**Task requirements:** Without including any pictures, write out all the records word for word.

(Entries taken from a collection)
------------------------
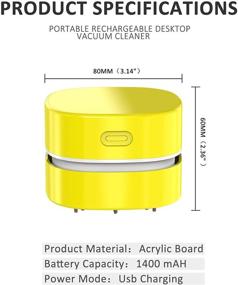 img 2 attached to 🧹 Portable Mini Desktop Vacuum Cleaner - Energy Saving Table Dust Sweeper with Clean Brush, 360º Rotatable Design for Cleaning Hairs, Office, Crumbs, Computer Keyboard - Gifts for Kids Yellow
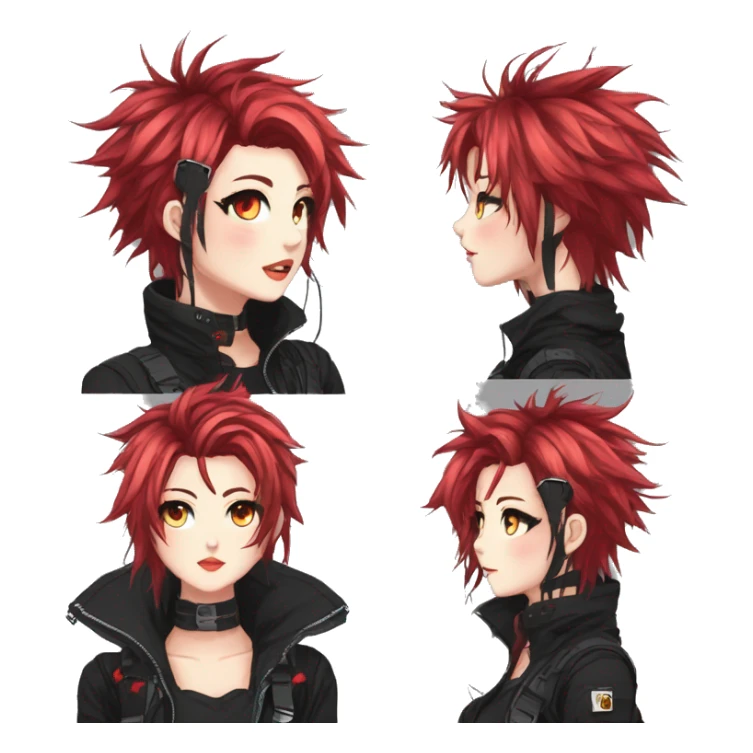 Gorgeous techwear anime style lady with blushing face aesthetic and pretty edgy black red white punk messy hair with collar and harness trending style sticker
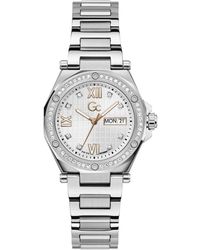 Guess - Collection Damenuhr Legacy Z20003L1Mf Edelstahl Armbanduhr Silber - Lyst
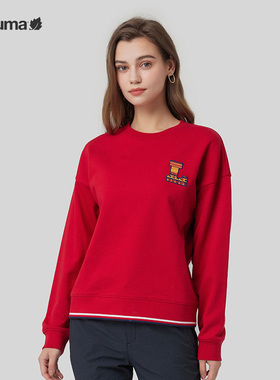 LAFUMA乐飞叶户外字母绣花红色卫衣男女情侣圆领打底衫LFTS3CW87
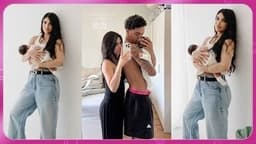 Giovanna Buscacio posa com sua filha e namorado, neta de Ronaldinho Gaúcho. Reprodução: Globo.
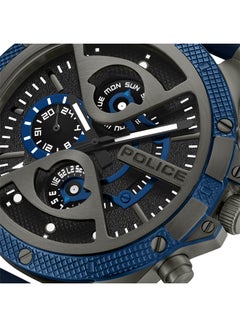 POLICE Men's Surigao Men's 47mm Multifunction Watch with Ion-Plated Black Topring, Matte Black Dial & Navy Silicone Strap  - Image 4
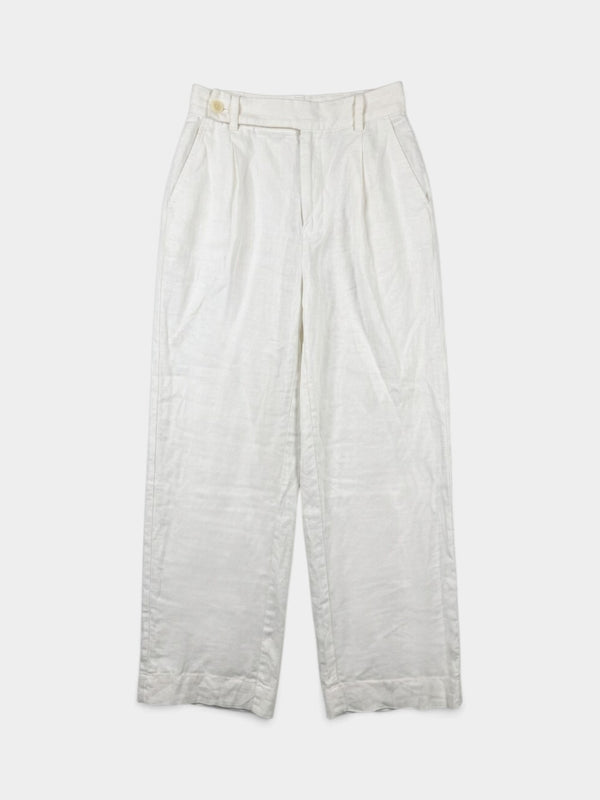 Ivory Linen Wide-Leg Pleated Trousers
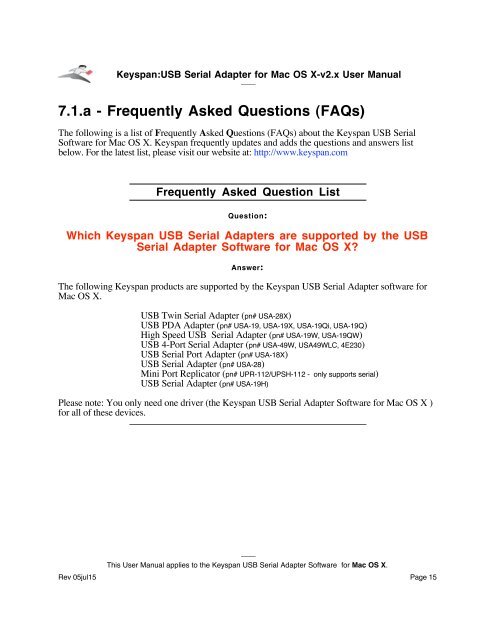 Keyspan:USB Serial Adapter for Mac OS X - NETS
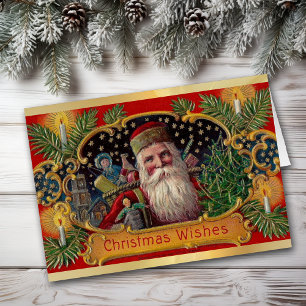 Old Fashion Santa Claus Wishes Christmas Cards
------------------------
**Solution to the problem:**
 img 2 attached to 🧹 Portable Mini Desktop Vacuum Cleaner - Energy Saving Table Dust Sweeper with Clean Brush, 360º Rotatable Design for Cleaning Hairs, Office, Crumbs, Computer Keyboard - Gifts for Kids Yellow
 Gorgeous techwear anime style lady with blushing face aesthetic and pretty edgy black red white punk messy hair with collar and harness trending style sticker
 Guess - Collection Damenuhr Legacy Z20003L1Mf Edelstahl Armbanduhr Silber - Lyst
 LAFUMA乐飞叶户外字母绣花红色卫衣男女情侣圆领打底衫LFTS3CW87
 Giovanna Buscacio posa com sua filha e namorado, neta de Ronaldinho Gaúcho. Reprodução: Globo.
 POLICE Men's Surigao Men's 47mm Multifunction Watch with Ion-Plated Black Topring, Matte Black Dial & Navy Silicone Strap  - Image 4
 Ivory Linen Wide-Leg Pleated Trousers
 Keyspan:USB Serial Adapter for Mac OS X - NETS
 Old Fashion Santa Claus Wishes Christmas Cards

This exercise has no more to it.